No translator’s translation is perfect. As the story goes, St. Jerome, the patron saint of translators, made a notable translation interpretation that depicted Moses with horns in medieval and Renaissance art. Jerome translated the Hebrew word for “shining” or “emitting rays” as “horned.” This is a good example of how interpretation affects human translation, and how a word’s meaning in one language may not directly translate into another. Alternatively, no machine translation is perfect. Machine translation can not pick up on cultural nuances or interpret meaning as might be required. Translation isn’t perfect, but rather interpretative, and this is how we are continuously working to make sure it is reflecting the original message.
Even the most experienced translators aren’t perfect. There’s no such thing as a “perfect” translation. The Italians have a saying: “Traduttore, traditore.” It means “translator, traitor,” referencing the difficulty of being able to translate a work of literature from one language to another perfectly. Especially in literature and poetry, it’s often difficult to come up with a translation that exactly conveys all the nuances of the source text.
Some people assume translation is merely substituting one word for another, but it’s not quite that simple. There’s frequently more than one way to translate a word, a phrase or a sentence. As a result, people naturally have different opinions about which way is best.
Translators are human, and humans are imperfect. Even the most skilled translators may interpret something differently than a counterpart. Artificial intelligence is not free from translation errors either.
There’s no doubt that machine translation has improved at a rapid pace in recent years. However, it’s still far from perfect. For example, a 2017 study of the types of errors most common in machine translation found that “Out of 63 sentences, 60 sentences contained at least one error.”

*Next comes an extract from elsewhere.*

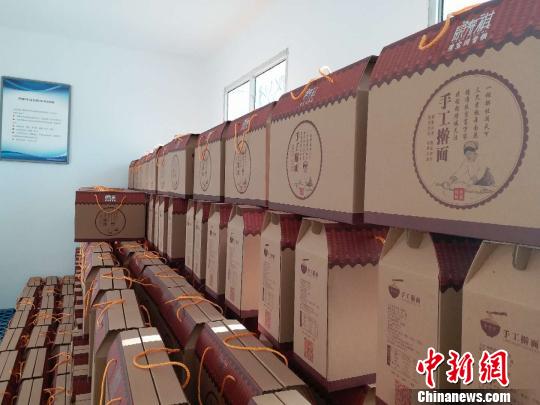 秀宝网对牌楼村的“手擀面”项目进行包装设计和网上营销。 钟欣 摄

how to improve translation quality
No translator is perfect, but strategies are implemented to avoid mistakes in the final product. Whether the translator is human or machine, here are some of the ways we work to be as close to perfect as possible.
Glossaries, style guides, and translation memories
Translation glossaries and style guides reduce ambiguity, helping your translators choose the right word every time. A glossary is a set of key terms, along with your preferred translation for them. A style guide helps translators understand the style and tone they should use when translating your documents. Glossaries and style guides improve consistency, ensuring that your translations stay on-brand.

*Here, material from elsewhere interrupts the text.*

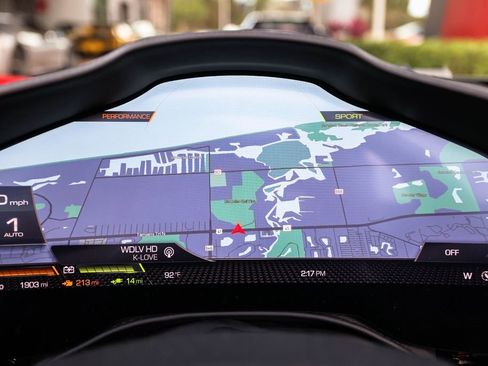 Used 2023 Ferrari SF90 Spider image 32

Similarly, translation memories and computer-assisted translation software can save time and ensure that common phrases are translated the same way every time. After all, once you have a good translation, there’s no sense in re-translating it every time.
Human post-editing for machine translation
MT algorithms don’t understand all of the nuances of grammar or vocabulary. There’s no doubt that MT can save time and money, but it’s often best to have the output post-edited by a skilled translator to catch and correct any unintentional errors.
The translation quality control process
Because no translator can be perfect, quality assurance is one of the most critical parts of the translation process. After the translator is done with the initial translation, an editor fluent in the target language reviews it for errors. Often, the content is again examined by the desktop publishing team, and by the client’s staff during the in-country review.